The Corliss Group Barcelona Economy
ITALY
Barcelona-born architect Jean-Pierre Monguard Estragues says it’s much easier to find clients and projects in Marrakesh than back home in Spain.
“The money isn’t the best pay I’ve ever had but it allows me to live and send some home,” says Monguard, 40, whose friends paid for his flight to Morocco nearly two years ago as he drowned in bills after losing his job. “Experience and know-how are much more appreciated here than they are in Spain.”
Spain’s population fell last year for the first time in at least four decades as more than a quarter of the workforce found themselves without a job. That highlights the turnaround in fortune for a nation that saw hiring surge during its economic boom. In the five years through 2007, Spain accounted for almost half the jobs created across the entire euro area.

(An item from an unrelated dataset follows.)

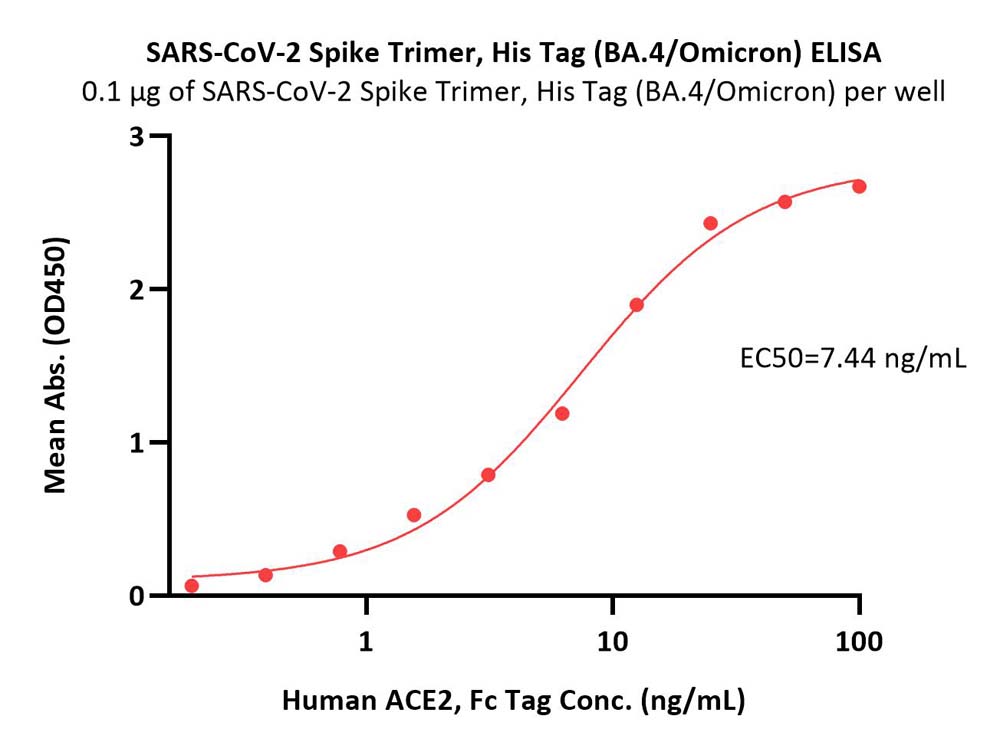  Spike protein ELISA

Monguard describes the migration as an “economic, intellectual and cultural catastrophe” that’s driving out the country’s best educated generation. Before Morocco, he went to the Spanish island of Tenerife to start a small architectural practice, though that failed when his clients cut their budgets. That’s when a friend contacted him about work in the North African country; he now has half a dozen projects and is thinking of starting his own firm.
Unemployment Legacy
While Prime Minister Mariano Rajoy says Spain is starting to recover from the crisis and the deepest austerity in its democratic history, it must still deal with the legacy of the recession: a 26 percent jobless rate. Almost a third of the unemployed in the 17-nation euro area are in Spain.
With the end of the real-estate boom that attracted foreign workers, annual migration into Spain has fallen by almost half in the past four years. At the same time, the number of Spaniards moving to Morocco last year was 32 percent higher than in 2008. After Latin American and European countries, it was the number one destination for Spanish emigrants.